Maybe it’s just me, but it sometimes feels like guitar music is on the wane. Sure, there are plenty of guitar bands out there, guitar sales seem to hold steady, but the synthesizer, midi controller, and digital audio workstation have become the dominant instruments of popular music. Then again, it’s short-sighted to count the guitar out just yet, given the 500-year longevity of its design.
In the 17th century, the Lute Society of Dartmouth notes, the guitar was “cultivated by players and composers within the courts of princes and kings.” The Baroque guitar was very much like the modern six string (or, as often these days, seven and eight string) that we know today, “aside from a difference of tuning,” writes luthier Clive Titmuss. Where “the modern guitar is a baritone/tenor… the baroque is an alto instrument, about the size of a viola.”
The differences in size and pitch change the sustain and articulation.
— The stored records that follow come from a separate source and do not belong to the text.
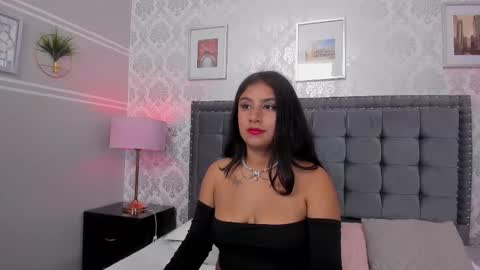Abril online show from 09.17.25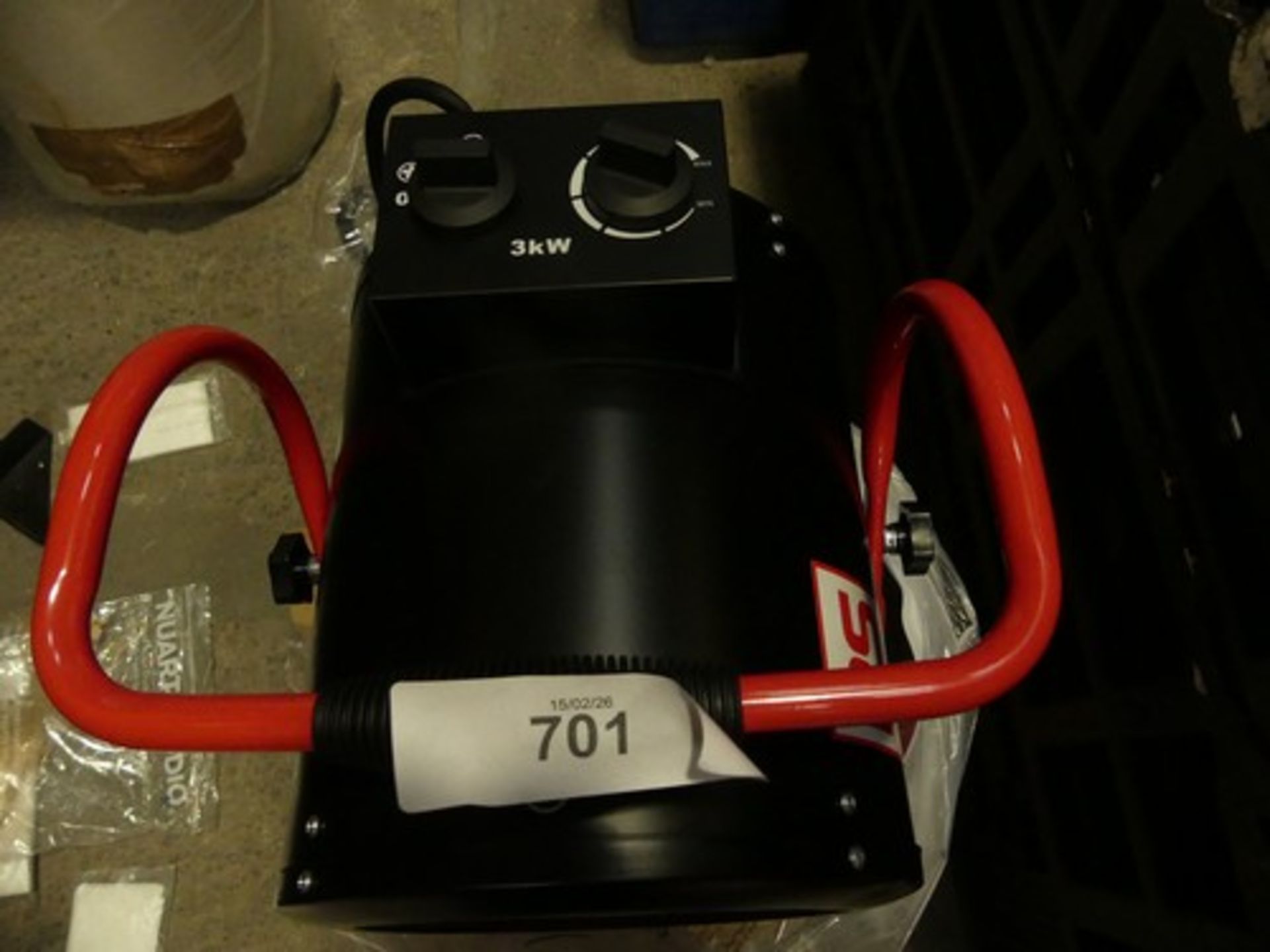 1 x RS Pro 3kW industrial fan heater, BS 174-6569 - New in tatty box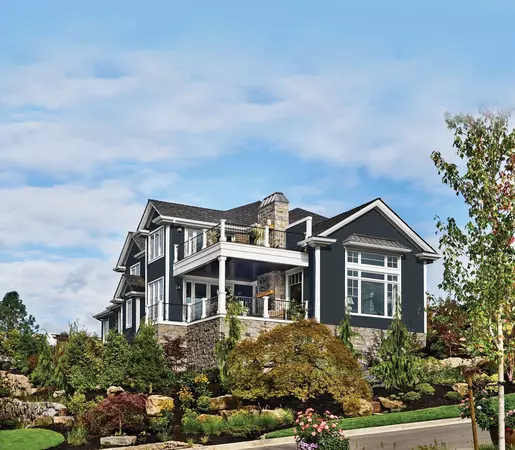 High-end home with ASCEND single 7" clapboard in Riviera Dusk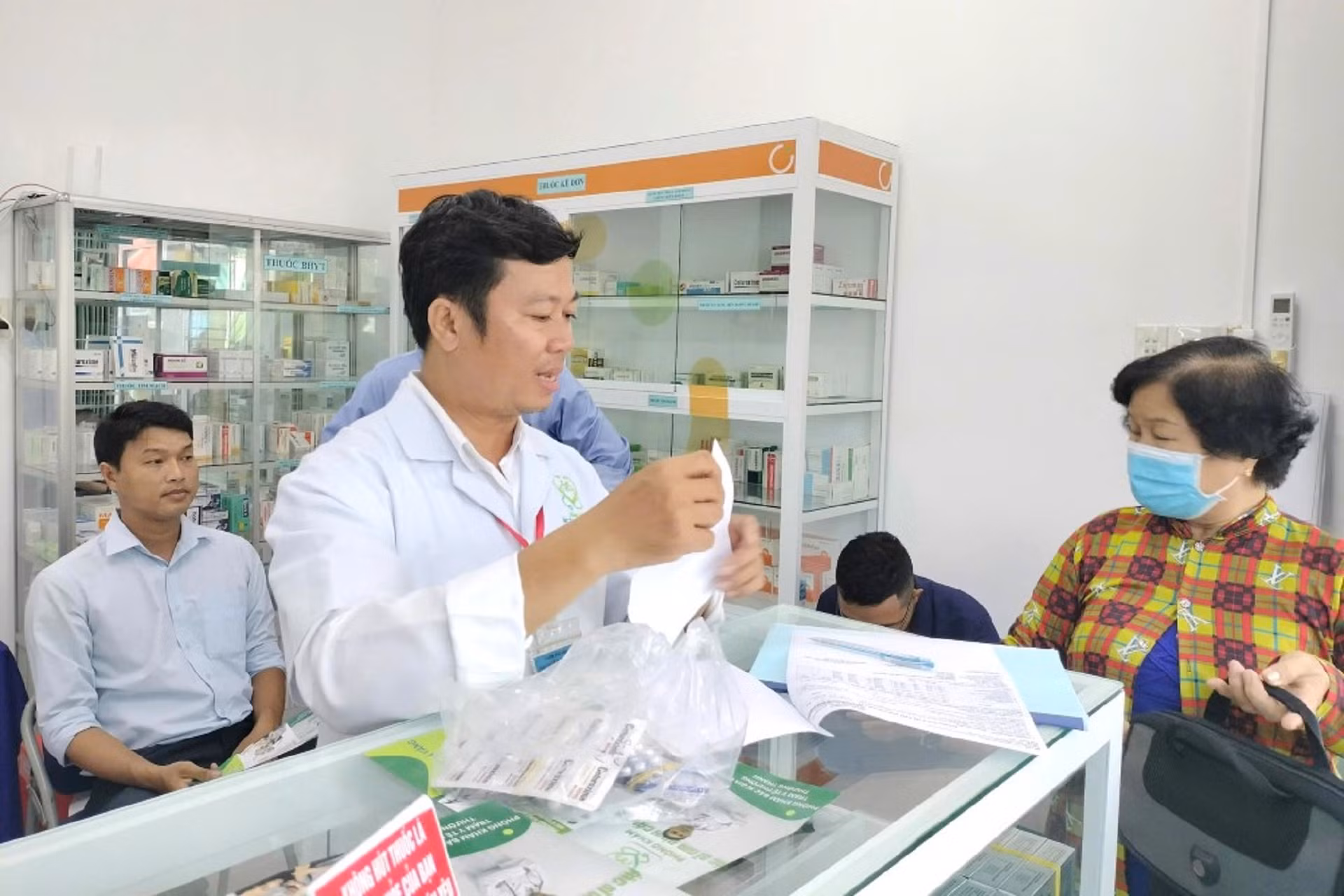 Các phòng khám bác sĩ gia đình cung cấp đủ thuốc cho người dân trên từng địa bàn.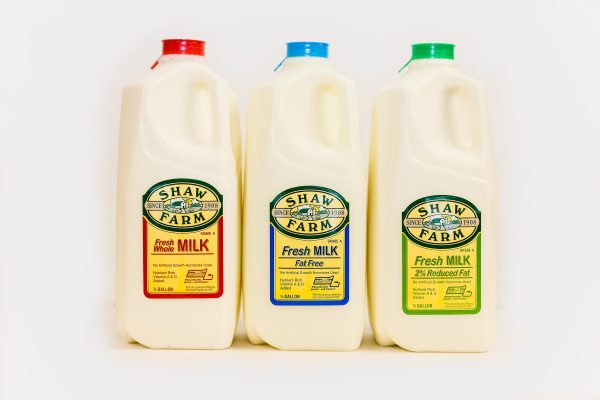 Shaw Farm - Fat Free Milk, half-gallon plastic Fashion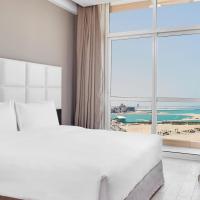 Сьюит (Люкс с 2 спальнями, вид на море) отеля Staybridge Suites - Doha Lusail, Доха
The Baroque guitar’s tonal characteristics are much more delicate, percussive, and lute-like. “The greatest music for baroque guitar is difficult to render adequately on the modern guitar because the traditions of the two instruments have diverged so widely: They speak basically the same language, but with a different vocabulary and accent.” Early Renaissance guitars had what is called a “four course” string arrangement, with eight doubled strings. The baroque guitar added one more for a “five course” instrument with nine strings.
Like its Renaissance forebear, lutes, and modern twelve-string guitars today, four of those “courses” were doubled, with pairs of strings tuned to the same note. This essentially made it a five string guitar with the ringing sonority of a mandolin. In the video at the top, Brandon Acker explains what this means in theory and practice. The tuning was fairly close to a modern six-string, but one octave up and missing the low E. The lone high E string was called the chanterelle or “singing string.”
Popular mainly in southern Europe, the Baroque guitar “may well have been used as it frequently is today,” the Lute Society points out: “to provide a simple strummed accompaniment for a singer or small group.” It was first held in contempt by early Spanish composers who preferred the similar vihuela. But the guitar would displace that instrument, as well as the lute, in musical compositions across Spain, Italy, France and elsewhere in Europe.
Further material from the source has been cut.